*Exercise data*

--

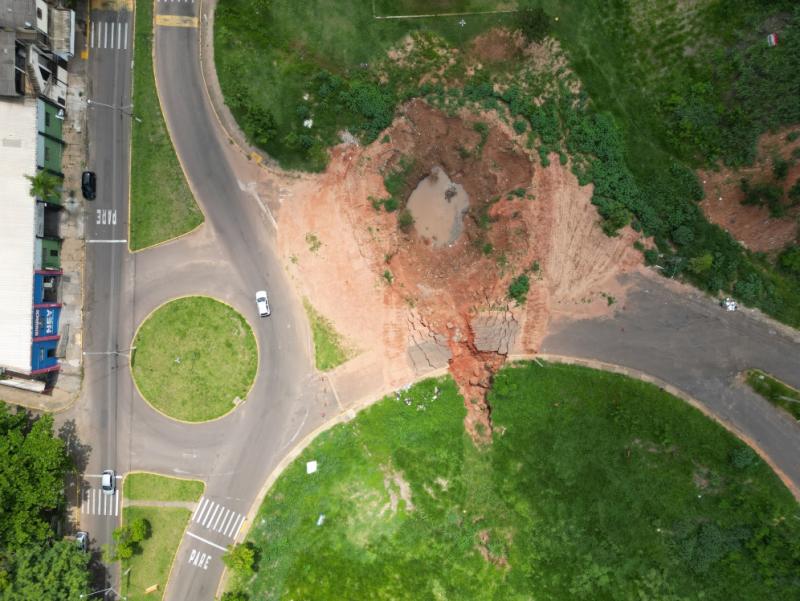 Cratera na Avenida Tancredo Neves está aberta desde 2023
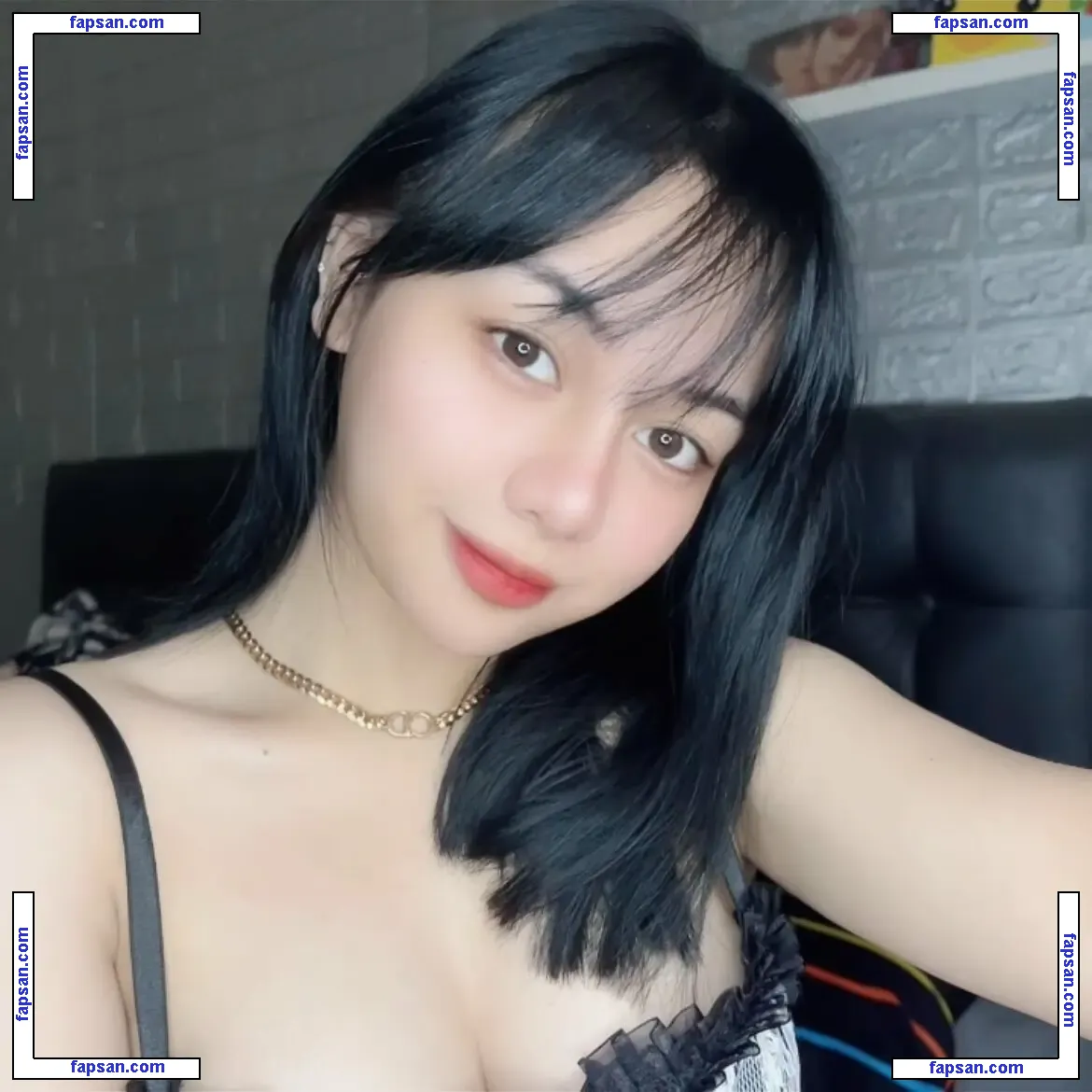 Seraviin голая фото #0003 с Онлифанс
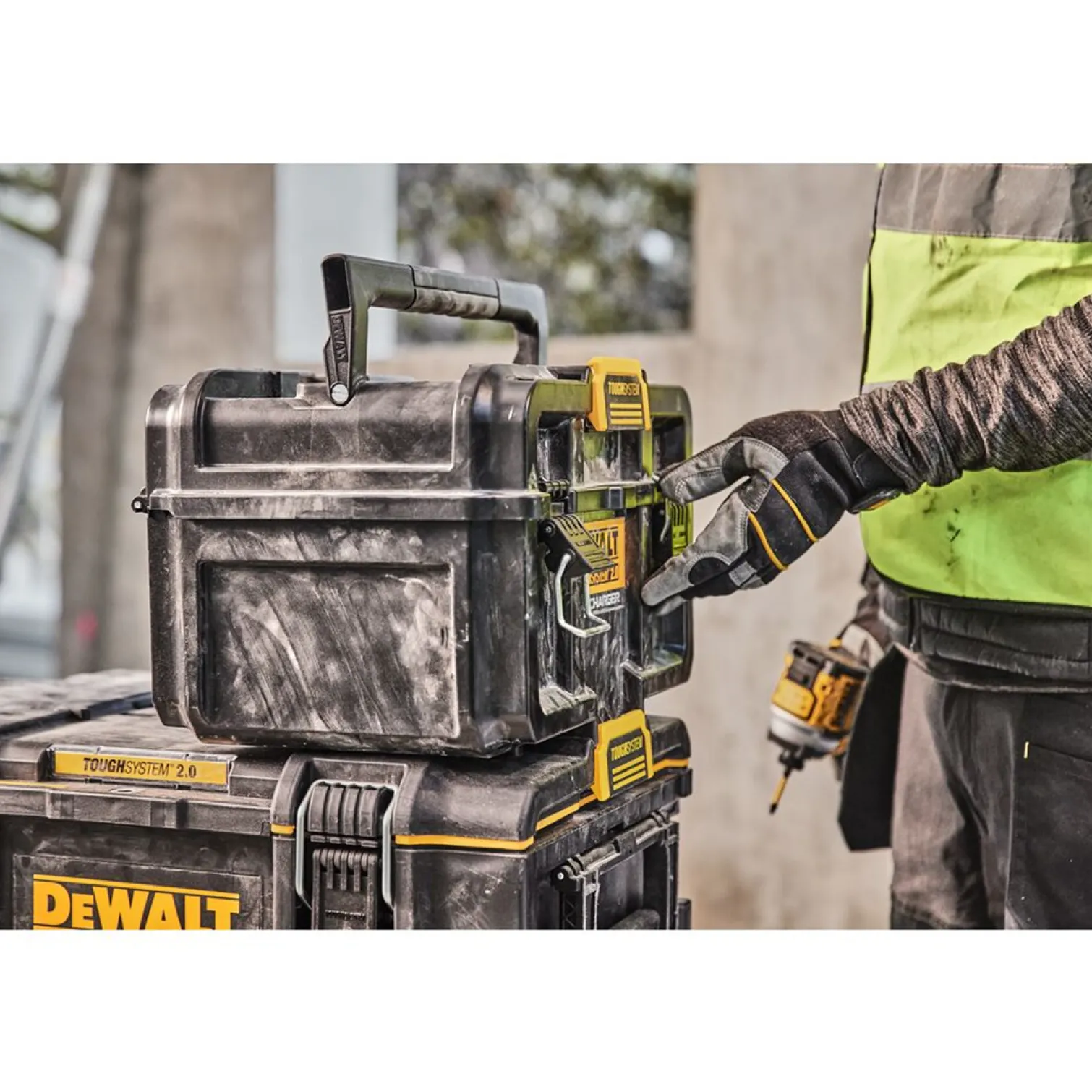 Walizka/ładowarka ToughSystem 2.0 DeWalt DWST83471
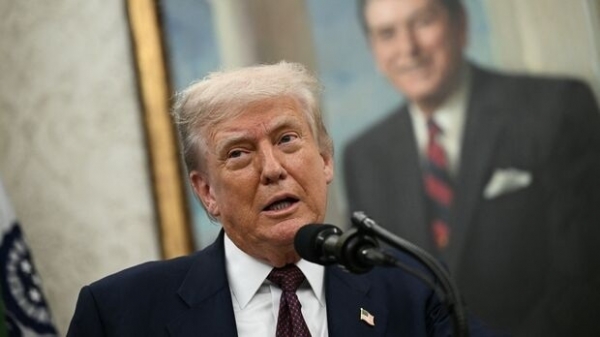 رسوم ترامب تدخل حيز التنفيذ في اختبار جديد للاقتصاد العالمي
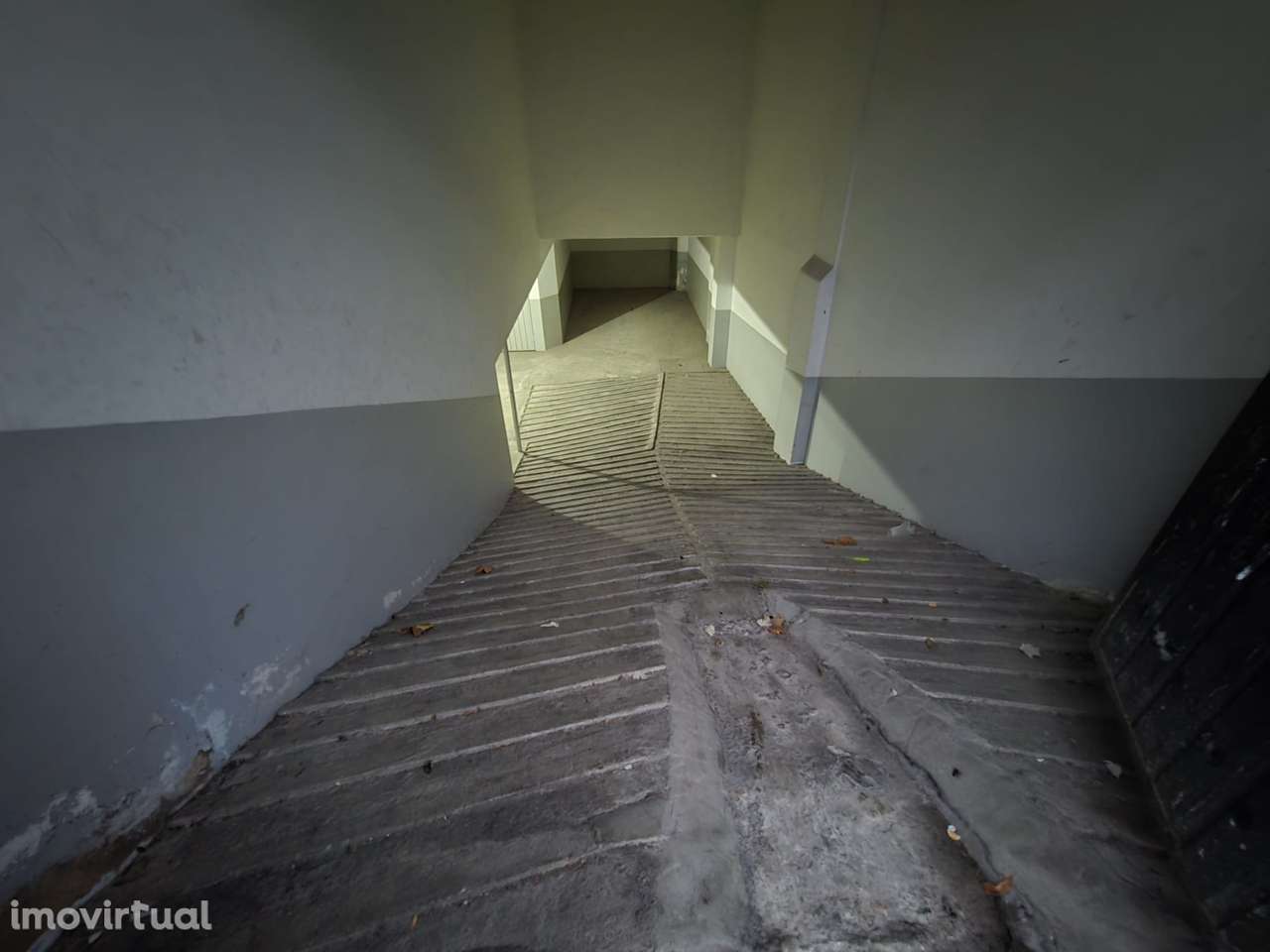 Alugo para Motas Garagem central Braga grande com 25m Quadrados - Grande imagem: 4/6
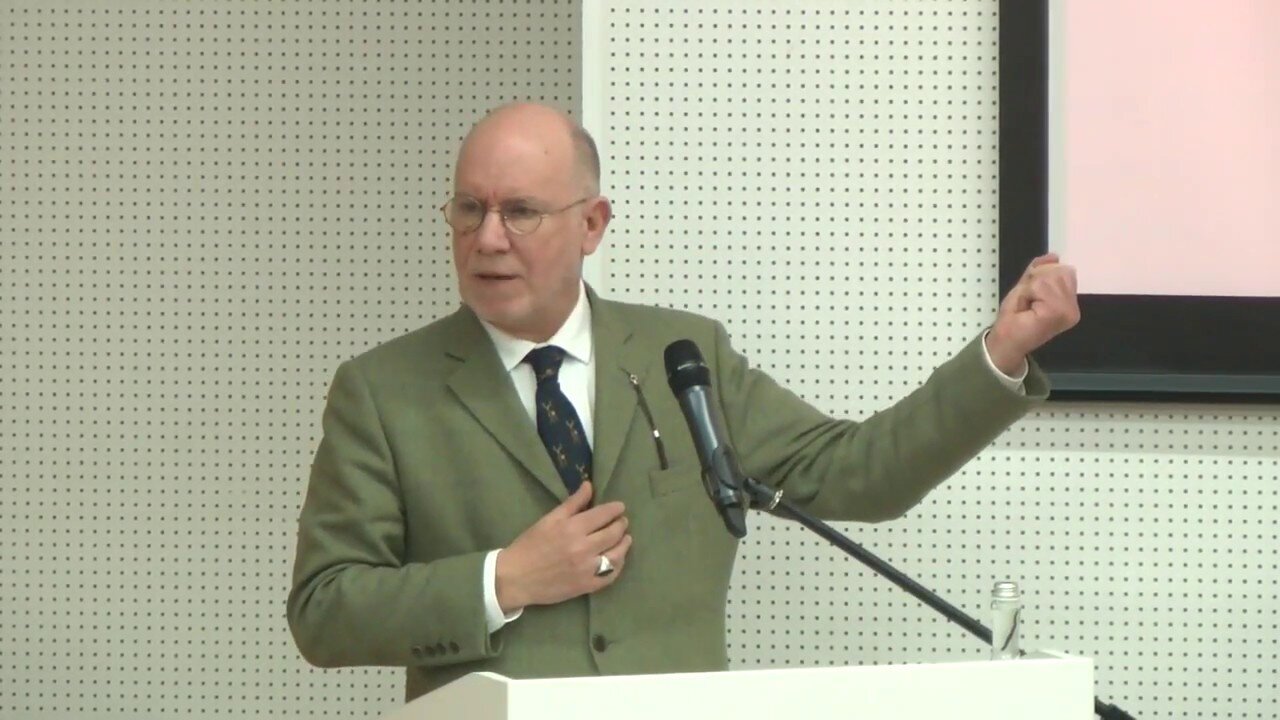 پیشگام روان‌شناسی اسلامی در بریتانیا از پیوند عرفان اسلامی و روان‌درمانی می‌گوید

--

Please retype the data exactly as it appears, but without any of its pictures.

*Reply to the exercise*
 Cratera na Avenida Tancredo Neves está aberta desde 2023
 Seraviin голая фото #0003 с Онлифанс
 Walizka/ładowarka ToughSystem 2.0 DeWalt DWST83471
 رسوم ترامب تدخل حيز التنفيذ في اختبار جديد للاقتصاد العالمي
 Alugo para Motas Garagem central Braga grande com 25m Quadrados - Grande imagem: 4/6
 پیشگام روان‌شناسی اسلامی در بریتانیا از پیوند عرفان اسلامی و روان‌درمانی می‌گوید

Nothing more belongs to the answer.